As for BCAP projects to grow energy crops, the final rule gives no priority for perennial crop projects. Annual crops that may have no particular environmental advantage are welcome to take BCAP funding. In fact, there will be no competitive process at all, and FSA intends to approve any project on a first come, first served basis. That non-competitive process also seems to suggest that there is no particular floor or ceiling to federal spending on the projects.
The final rule recommends that the Conservation Reserve Program conservation plan be used as the “model” for BCAP project conservation plans, even though CRP is a program that removes land from agricultural production, not jump start new production and new production systems.

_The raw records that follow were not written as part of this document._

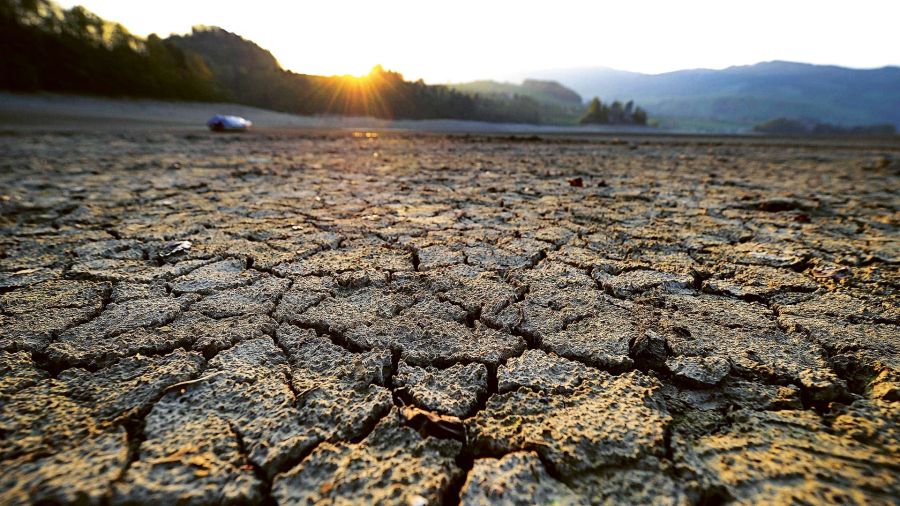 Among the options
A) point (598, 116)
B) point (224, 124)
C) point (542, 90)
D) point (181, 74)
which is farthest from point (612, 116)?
point (542, 90)

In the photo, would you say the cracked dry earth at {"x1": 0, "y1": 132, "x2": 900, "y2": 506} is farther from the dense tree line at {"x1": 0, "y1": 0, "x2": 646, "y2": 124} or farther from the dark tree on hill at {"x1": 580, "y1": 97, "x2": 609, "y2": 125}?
the dark tree on hill at {"x1": 580, "y1": 97, "x2": 609, "y2": 125}

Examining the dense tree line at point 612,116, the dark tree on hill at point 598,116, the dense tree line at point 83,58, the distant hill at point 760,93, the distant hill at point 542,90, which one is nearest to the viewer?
the dense tree line at point 83,58

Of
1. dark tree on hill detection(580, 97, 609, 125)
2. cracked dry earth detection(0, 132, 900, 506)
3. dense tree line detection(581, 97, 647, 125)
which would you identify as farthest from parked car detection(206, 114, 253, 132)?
dark tree on hill detection(580, 97, 609, 125)

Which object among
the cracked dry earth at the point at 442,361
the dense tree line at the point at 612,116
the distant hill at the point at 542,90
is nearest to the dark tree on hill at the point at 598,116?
the dense tree line at the point at 612,116

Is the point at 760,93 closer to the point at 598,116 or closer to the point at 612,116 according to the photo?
the point at 612,116

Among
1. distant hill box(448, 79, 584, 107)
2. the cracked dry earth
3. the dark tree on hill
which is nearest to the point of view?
the cracked dry earth

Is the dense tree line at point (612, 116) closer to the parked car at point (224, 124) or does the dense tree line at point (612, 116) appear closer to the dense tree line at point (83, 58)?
the dense tree line at point (83, 58)
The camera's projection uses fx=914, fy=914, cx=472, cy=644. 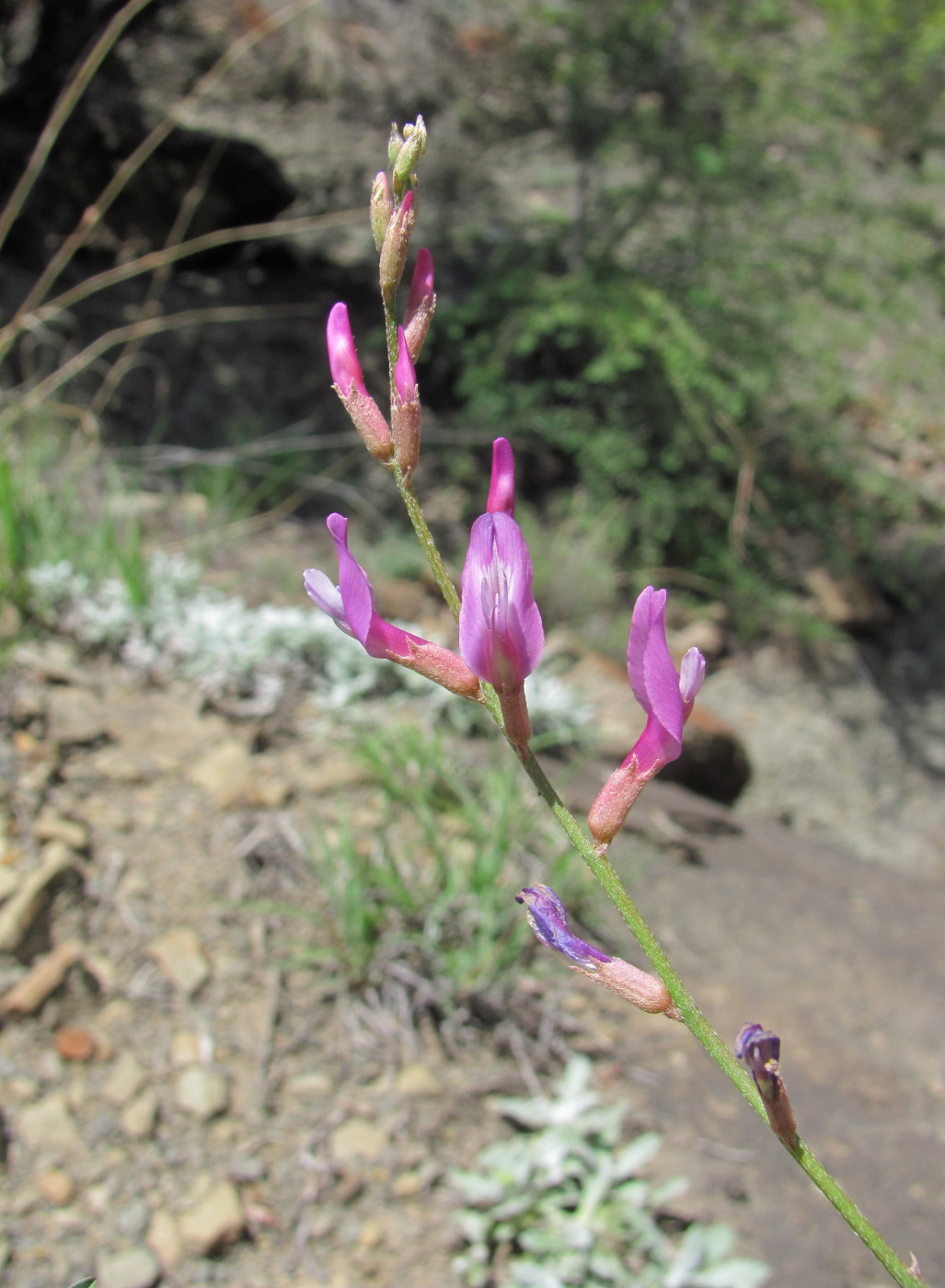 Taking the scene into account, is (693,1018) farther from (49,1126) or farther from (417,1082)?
(49,1126)

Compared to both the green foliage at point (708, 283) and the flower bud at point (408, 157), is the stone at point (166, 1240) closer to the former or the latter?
the flower bud at point (408, 157)

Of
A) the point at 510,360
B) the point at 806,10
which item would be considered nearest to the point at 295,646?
the point at 510,360

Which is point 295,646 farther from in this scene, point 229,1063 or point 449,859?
point 229,1063

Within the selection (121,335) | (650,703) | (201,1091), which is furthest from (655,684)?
(121,335)

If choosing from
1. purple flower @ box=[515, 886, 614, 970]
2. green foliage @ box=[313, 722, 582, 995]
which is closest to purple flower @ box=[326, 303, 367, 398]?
purple flower @ box=[515, 886, 614, 970]

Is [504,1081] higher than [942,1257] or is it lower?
lower

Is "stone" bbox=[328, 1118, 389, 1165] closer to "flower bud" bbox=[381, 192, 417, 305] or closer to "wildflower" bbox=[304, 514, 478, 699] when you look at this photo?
"wildflower" bbox=[304, 514, 478, 699] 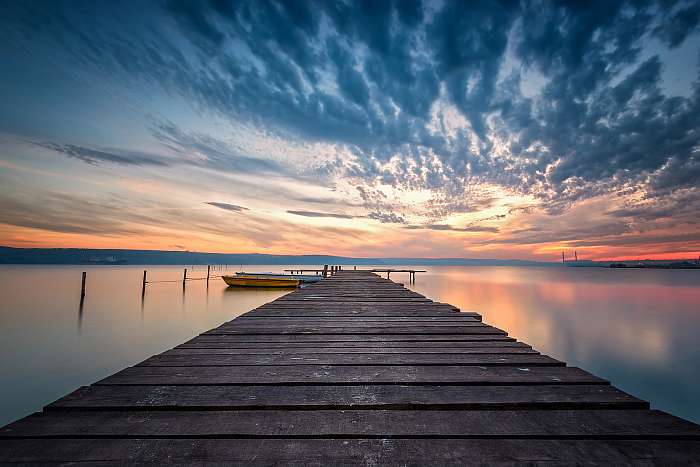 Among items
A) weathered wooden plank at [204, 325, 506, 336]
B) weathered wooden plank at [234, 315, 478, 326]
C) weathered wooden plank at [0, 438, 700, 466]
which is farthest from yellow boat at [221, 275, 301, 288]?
weathered wooden plank at [0, 438, 700, 466]

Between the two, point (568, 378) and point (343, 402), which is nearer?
point (343, 402)

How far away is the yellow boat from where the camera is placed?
29891 millimetres

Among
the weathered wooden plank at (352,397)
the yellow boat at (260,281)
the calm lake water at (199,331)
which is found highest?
the weathered wooden plank at (352,397)

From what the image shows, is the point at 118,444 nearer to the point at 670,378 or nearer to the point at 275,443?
the point at 275,443

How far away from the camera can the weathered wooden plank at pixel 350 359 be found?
283 cm

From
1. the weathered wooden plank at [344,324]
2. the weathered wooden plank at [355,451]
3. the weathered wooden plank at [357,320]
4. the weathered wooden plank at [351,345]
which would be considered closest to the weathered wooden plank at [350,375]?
the weathered wooden plank at [351,345]

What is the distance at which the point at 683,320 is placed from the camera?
18734mm

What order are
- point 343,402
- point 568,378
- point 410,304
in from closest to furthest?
point 343,402 < point 568,378 < point 410,304

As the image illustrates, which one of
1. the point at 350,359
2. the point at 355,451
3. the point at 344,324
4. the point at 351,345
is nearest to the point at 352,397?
the point at 355,451

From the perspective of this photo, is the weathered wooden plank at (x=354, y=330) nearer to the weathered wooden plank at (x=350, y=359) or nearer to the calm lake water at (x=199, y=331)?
the weathered wooden plank at (x=350, y=359)

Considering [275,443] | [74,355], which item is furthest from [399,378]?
[74,355]

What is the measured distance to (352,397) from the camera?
6.85 feet

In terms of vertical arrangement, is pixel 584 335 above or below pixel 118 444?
below

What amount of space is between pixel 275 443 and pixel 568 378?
2.20 m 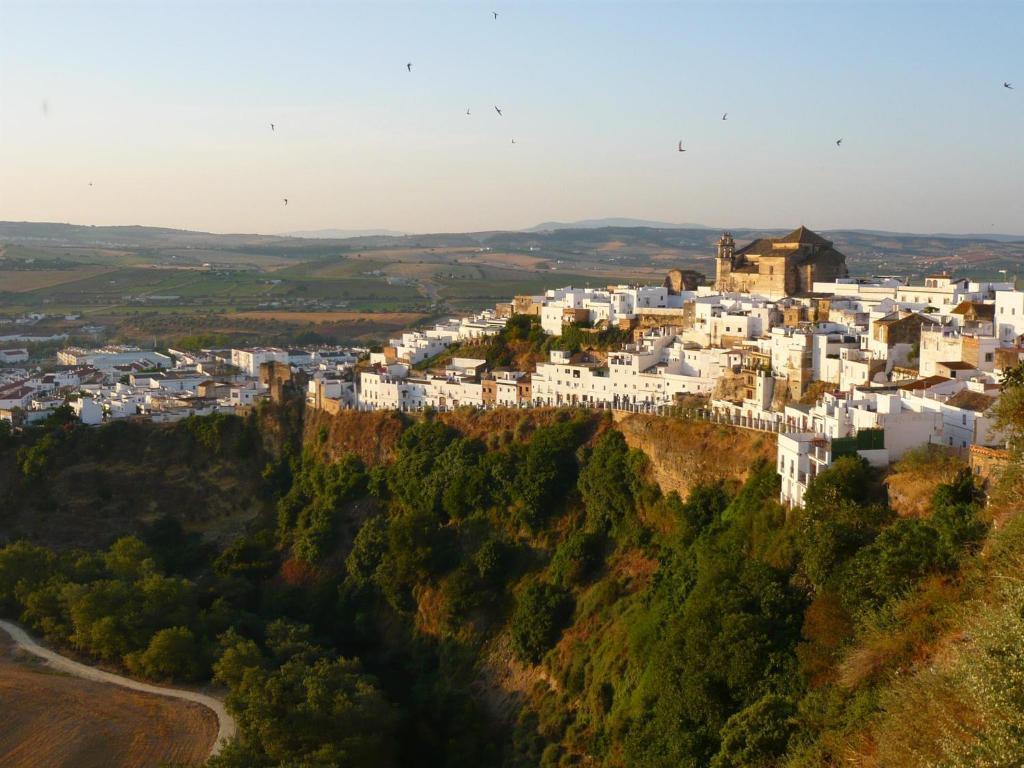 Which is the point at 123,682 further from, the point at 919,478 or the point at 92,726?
the point at 919,478

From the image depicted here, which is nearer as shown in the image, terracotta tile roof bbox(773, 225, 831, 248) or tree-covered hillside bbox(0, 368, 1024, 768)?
tree-covered hillside bbox(0, 368, 1024, 768)

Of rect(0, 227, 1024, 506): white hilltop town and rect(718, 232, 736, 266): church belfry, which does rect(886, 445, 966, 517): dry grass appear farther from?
rect(718, 232, 736, 266): church belfry

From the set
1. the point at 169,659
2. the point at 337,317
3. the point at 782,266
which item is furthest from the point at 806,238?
the point at 337,317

In an absurd provision, FSA includes algae as a “non-woody perennial crop” and then goes even further by designating animal wastes, food and yard wastes, and demolition and construction debris as “eligible crops” for BCAP projects. “Crops” evidently now must be defined in the farm bill from here on out, lest manure becomes commonly understood to be a crop.
FSA also announced that it will set annual payments to producers for BCAP projects based on the soil rental rates for agricultural land and applicable marginal pasture rental rate for all other agricultural lands, as well as providing an open-ended set of “incentive” payments or premiums that are not specified in the final rule.
In addition to weak or missing environmental criteria, the final rule also does nothing to prioritize local ownership as a means of enhancing the farm and rural development payoff from the program, as called for in the farm bill.
In the final analysis, despite some positives, the final rule is a major disappointment. The end result of this rule could be increased pollution and loss of natural resources with little net gain to the nation’s energy budget. We hope not, and indeed improvements at the more detailed implementation level may still be possible and intended. But the rule unfortunately makes such an effort an uphill struggle.